The ablation analysis demonstrates that Direct3D-based 3D feature alignment and the full 3D REPA loss significantly impact both semantic alignment and editing quality. Removal of these modules led to degraded control fidelity and increased artifact rates, especially in move/remove operations where topological consistency is crucial.
Figure 4: Ablation study on 3D feature alignment and 3D REPA loss. Lacking 3D alignment modules degrades compliance with instructions and introduces artifacts, confirming their necessity.
Implications and Future Directions
Practically, Native3D provides a scalable and robust foundation for text-driven, multi-object, physically accurate 3D scene synthesis and editing—enabling content creation pipelines in AR/VR, gaming, architecture, and professional design that demand structural integrity and editing flexibility absent from prior frameworks. Theoretically, Native3D establishes the efficacy of direct mesh-texture-latent manipulation with scene-level and object-level feature alignment, setting a precedent for future work in 3D diffusion modeling where explicit geometric and semantic preservation is essential.
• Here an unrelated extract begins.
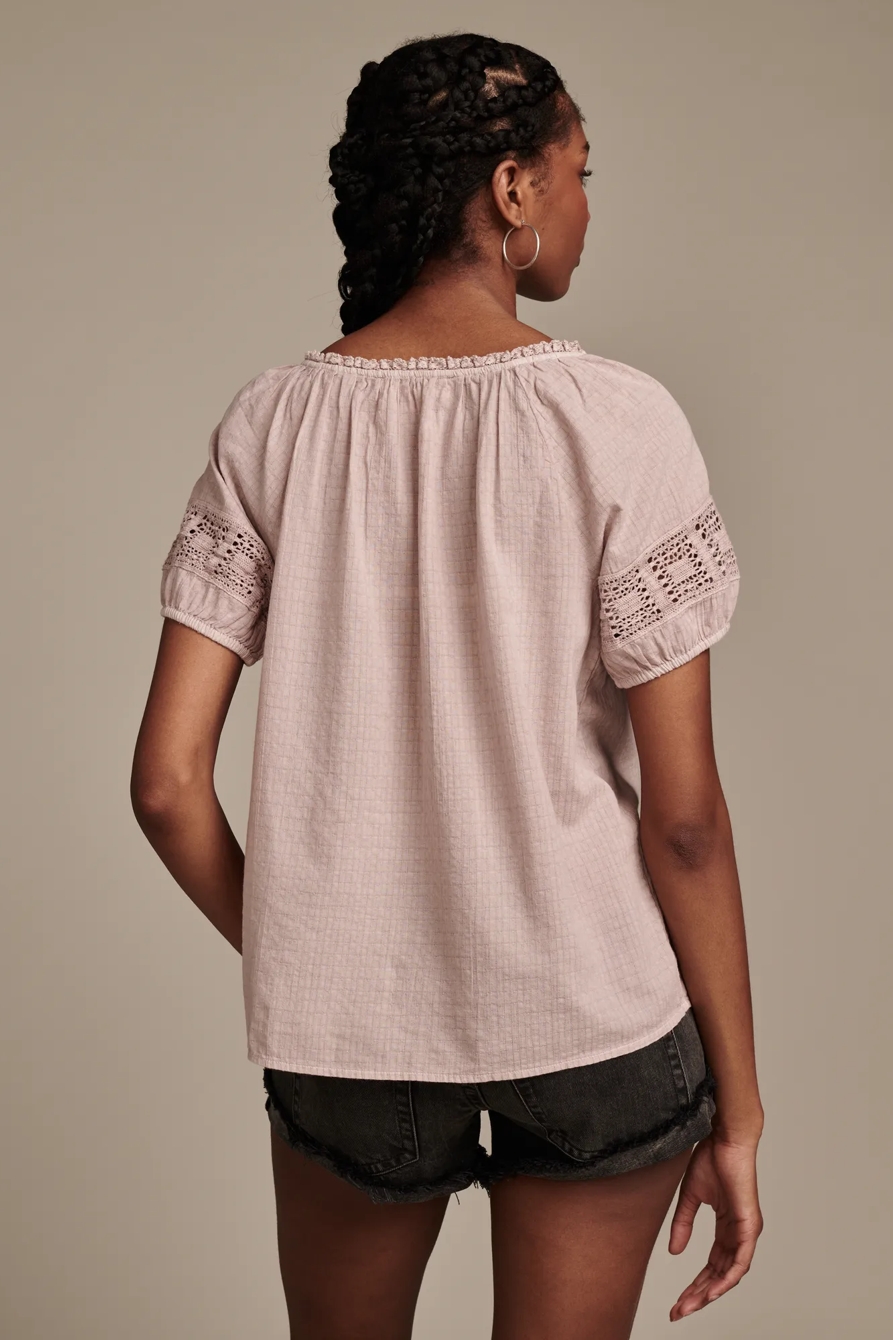 CROCHET SHORT SLEEVE TOP, image 5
Possible extensions include integration of realistic illumination, viewpoint, and neural material models for higher fidelity rendering, as well as expansion into open-world and outdoor scene domains. Joint optimization across perceptual and physical constraints could further enhance the system's generalization and quality.
Conclusion
Native3D constitutes a fully 3D-native, end-to-end generative modeling pipeline—using a hierarchical mesh-texture representation, 3D diffusion-based generation, and multi-level semantic alignment for consistent, controllable scene synthesis and editing. The system achieves state-of-the-art performance in semantic alignment and editing capabilities while paving the way for further convergence between text, structure, and appearance priors in large-scale 3D content creation frameworks (2606.07117).